Nothing broke. The consent banner now gates the tags, and the signals it sets default to denied. Tags that used to fire for everyone now wait for a yes that, for a big share of visitors, never comes.

actual orders, unchanged 1,000 BEFORE CMv2 610 AFTER CMv2 960 AFTER FIX
FIG. 1 — conversions recorded across one rollout · one client, anonymised, first three weeks

The same three weeks as numbers, so the gap is legible and not just a shape:

STATEORDERS (BACKEND)CONVERSIONS RECORDEDGAP
Before CMv2~1,0001,0000%
After CMv2, tags mis-gated~1,000610−39%
After fix and modeling~1,000960−4%

Why the drop is this steep

Default consent is denied, and Consent Mode v2 is specific about what gets withheld. On top of the original ad_storage and analytics_storage, v2 added two signals: ad_user_data (may the hit carry user data for matching) and ad_personalization (may it feed remarketing and audiences). Until a visitor accepts, all four sit denied.

What the tag does next depends on how Consent Mode is wired. In basic mode the tag is blocked outright until consent, so a declined visitor sends nothing and there is nothing to model from. In advanced mode the tag still loads and sends a cookieless ping that Google can model from later. A tag that was never built for consent gets the worst of both: it either does not fire, or it fires without the storage and signals it needs, so Google Ads cannot tie it to a click. That is F-201 on the collection side and F-402 on the recovery side: the hit either never leaves, or it leaves with nothing for Ads to join on. Distinct from F-204 , where the click id is stripped in transit, before any consent decision enters the picture.

How steep it gets depends on your accept rate. A 60 percent accept rate with mis-gated tags loses roughly the 40 percent who declined, plus a slice of the accepters whose tags fired before the consent state was set. That is how a healthy shop posts a 39 percent drop overnight while selling exactly as much as it did yesterday.

The fix, and the honest ceiling

Three moves, in order. None of them touch the storefront.

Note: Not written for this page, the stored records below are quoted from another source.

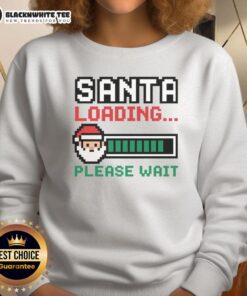 Awesome Santa loading graphic on a cozy pixel sweatshirt, perfect for festive holiday wear. Ideal for Christmas spirit!
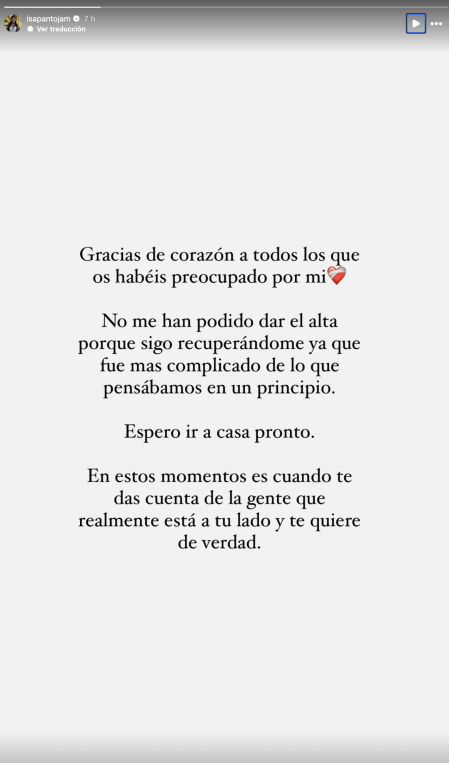 La queja de Isa Pantoja en Instagram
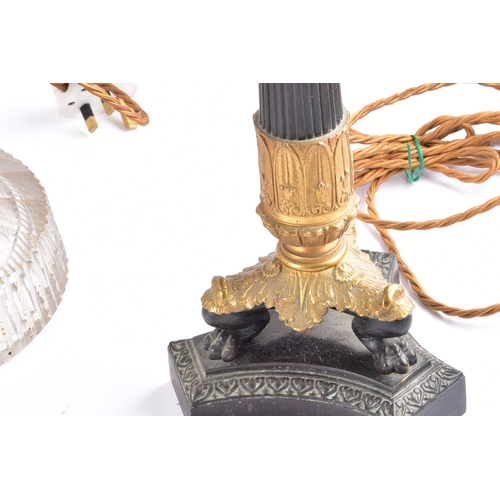 342 - A collection of decorative arts including a pair of large brass altar candlesticks, with turned stem... 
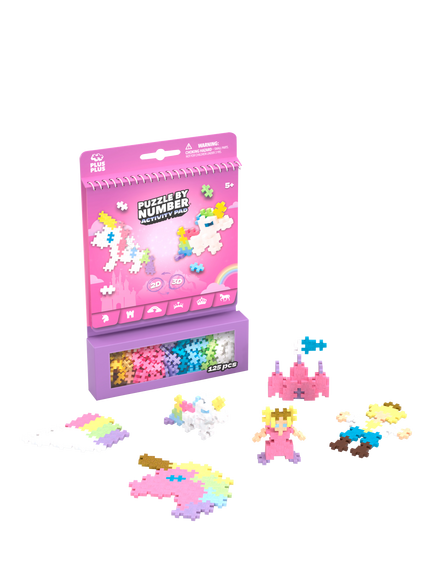 Plus-Plus Puzzle by Number Fairy Tale Activity Pad, 125 Pieces, Multi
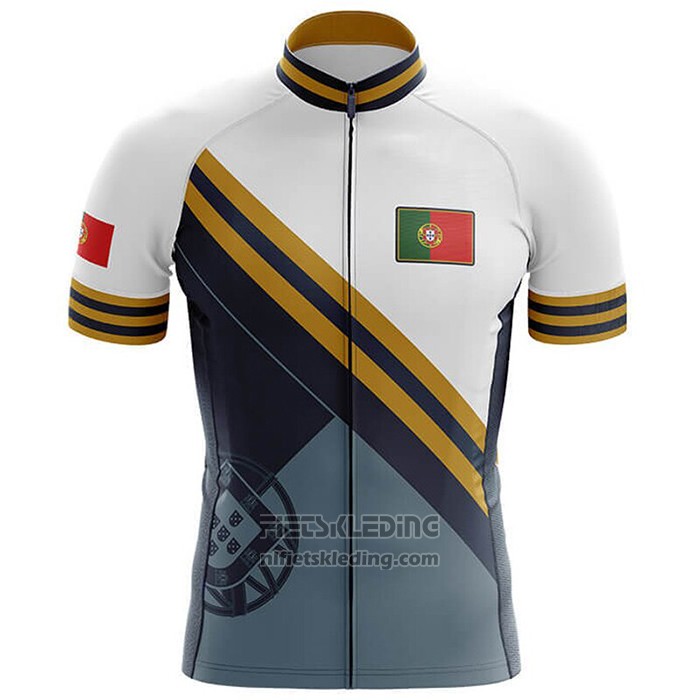 2020 Fietskleding Kampioen Portugal Lichtblauw Geel Korte Mouwen en Koersbroek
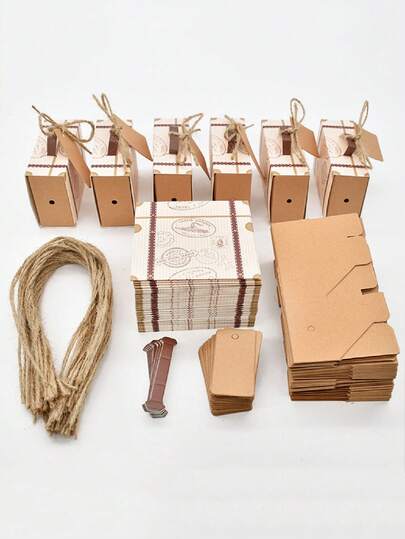 50 Peças Caixa de Doces em Forma de Mala Criativa, Caixa de Chocolate, Caixa de Embalagem de Papelão com Cordas e Etiquetas, Lembrancinhas de Casamento e Aniversário, Sacolas para Festa, Decoração de Festa de Casamento e Aniversário, Caixa de Presente com Tema Elegante e Clássico de Viagem, Natal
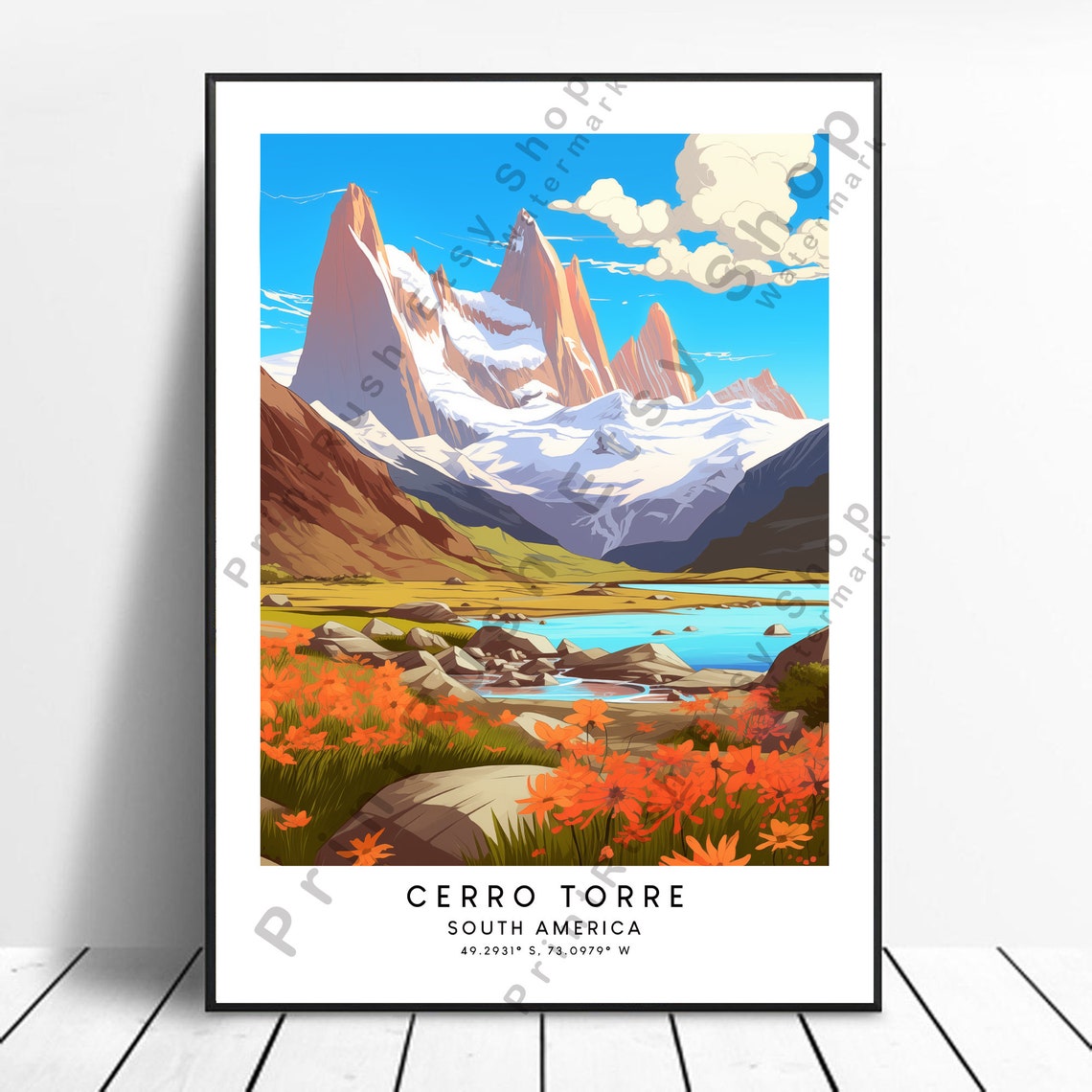 Cerro Torre South America Wildflowers Lake Peaks Travel Poster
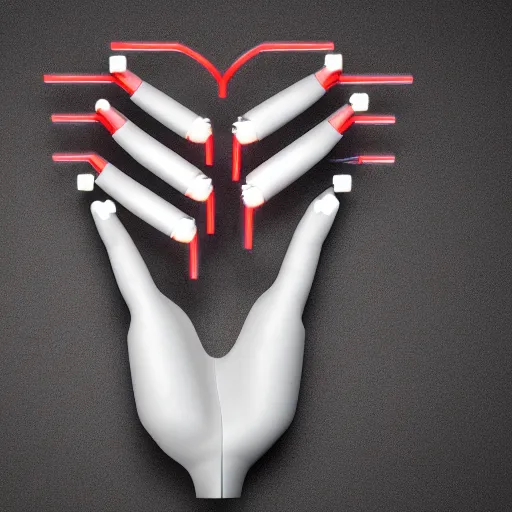 Prompt: a close up shot humanmecha Heart-shaped fingers, two hang, ikea manual, white steel, extreme details, matte, noise, smoke, vertical symmetry, colourful lighting, steel joint, Wires, Mechanisms, unreal engine 5,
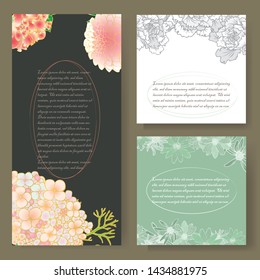 Wedding card Design template. Vector. Pink flower, olive leaves. Watercolor style.	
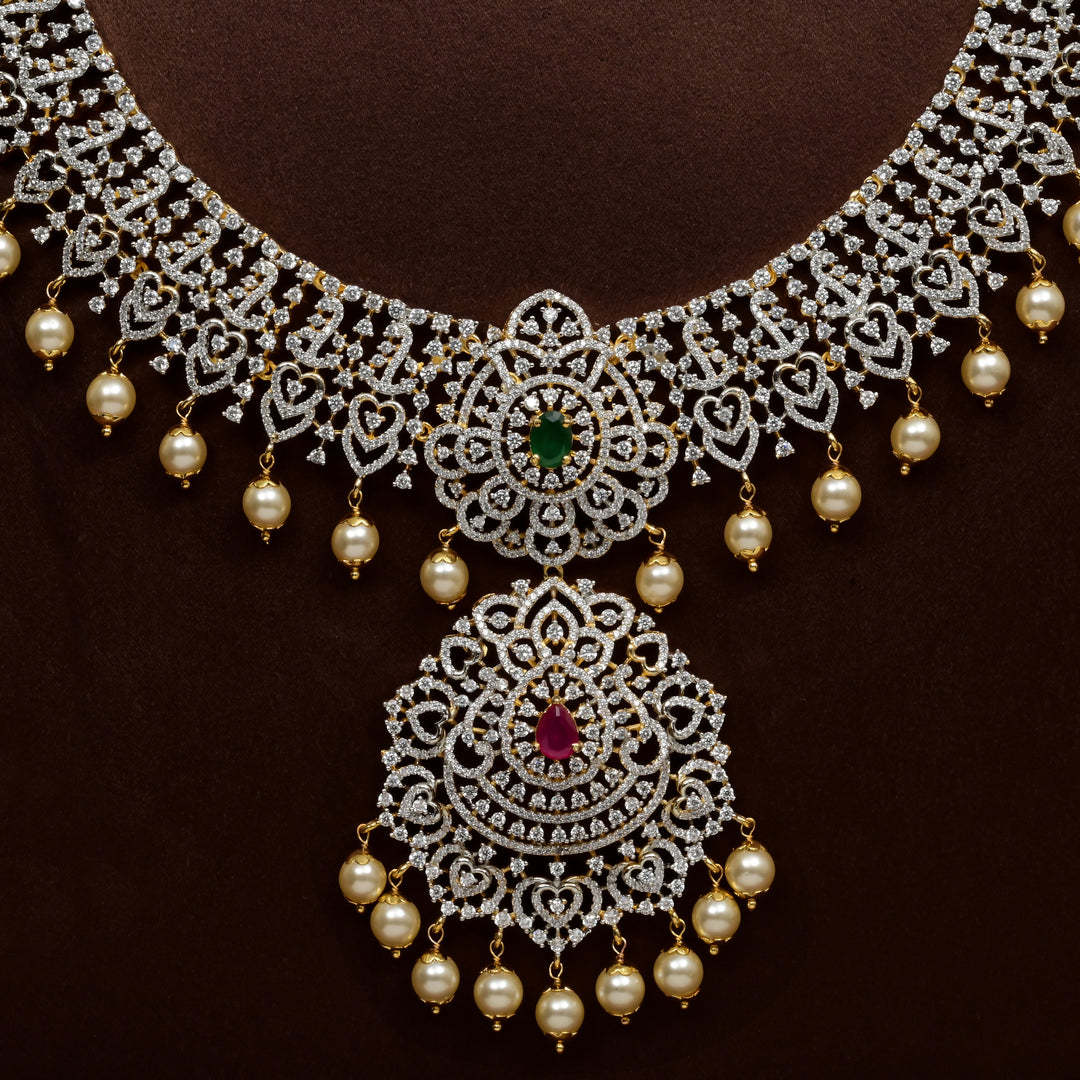 Luxury bridal necklace in 92.5 silver with cz stones and intricate design, handcrafted wedding jewellery for brides by Sri Fine Jewellery, Hyderabd
(https://srifinejewellery.com)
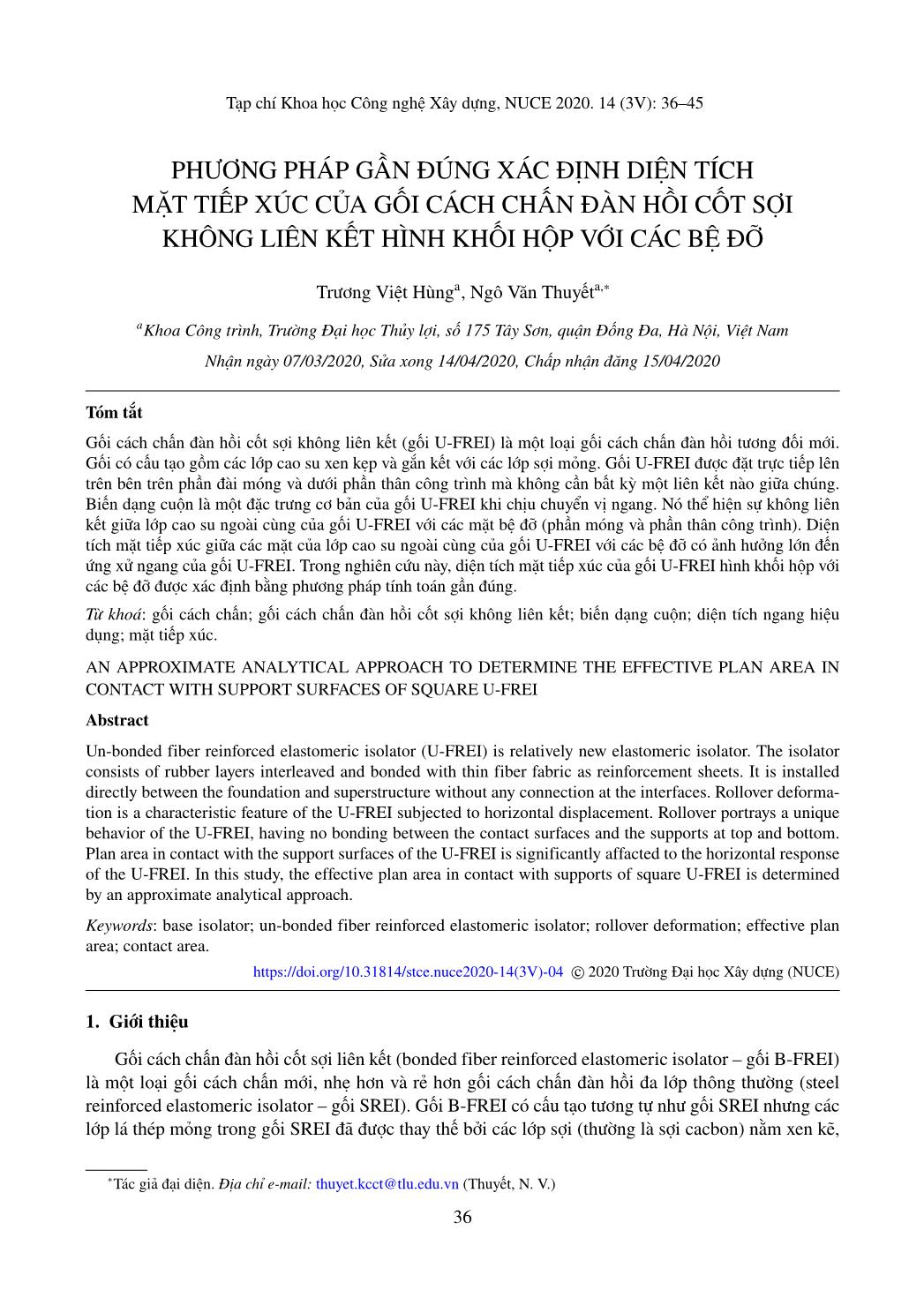 Phương pháp gần đúng xác định diện tích mặt tiếp xúc của gối cách chấn đàn hồi cốt sợi không liên kết hình khối hộp với các bệ đỡ trang 1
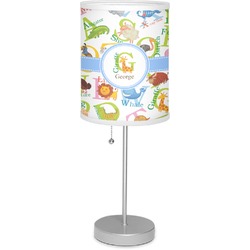 Animal Alphabet 7" Drum Lamp with Shade Linen (Personalized)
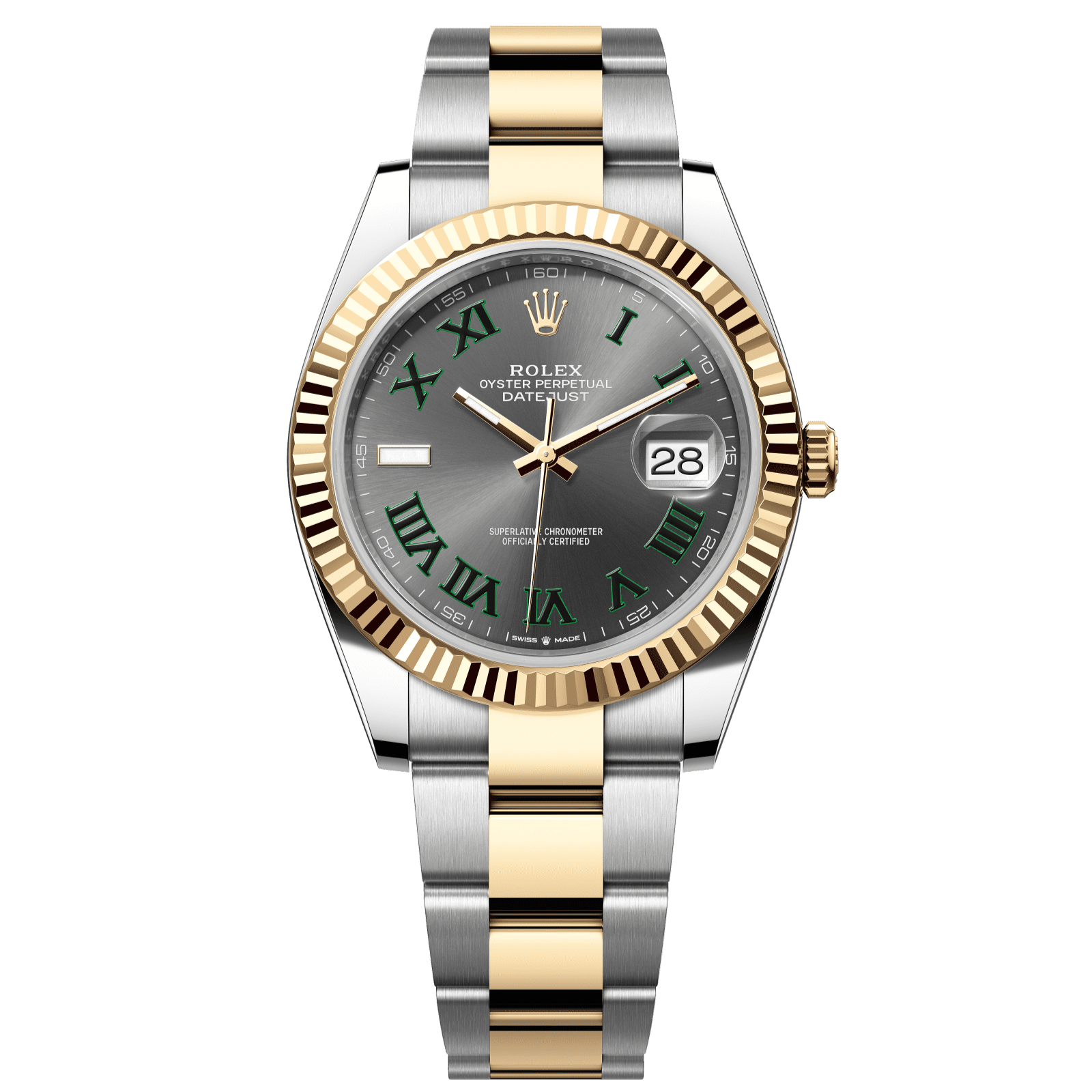 Rolex Datejust 41 41 mm Slate  Dial Oystersteel and 18k Yellow Gold Oyster Bracelet 126333-0019 - WATCHXNYC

  1. Wire the tags for consent, not around it. Advanced Consent Mode, tags set to read the consent state before they fire, the cookieless ping allowed on denial. This recovers the most, because it hands modeling a signal to extend instead of a silence.
  2. Let modeling do its job. Conversion modeling fills the denied-but-cookieless gap, but it needs volume and a clean signal to model from. Give it both and the recorded line climbs back toward the real one within days. Low-volume accounts may never clear the modeling thresholds, so expect a softer recovery there.
  3. Turn on Enhanced Conversions for the consented portion. For visitors who granted ad_user_data, hashed first-party data tightens match quality and reclaims attribution Ads had written off. That is F-402 , and it is usually the last few points.

What you will not get back is 100 percent, and you should not pretend to. The visitors who declined and could not be modeled are genuinely unmeasured, not lost. A recovered line that sits a few points under the backend is honest. A recovered line that matches it perfectly means someone is firing tags through a consent wall, which is the original problem wearing a better suit.

If your conversions fell the week you shipped Consent Mode v2, this is almost certainly the shape of it. The orders are fine. The wiring is not, and the wiring is fixable.

B.A., filed from London

CONNECTED RECORDS F-201 F-204 F-402

REVISION HISTORY — none yet. This note will be revised as the tooling moves.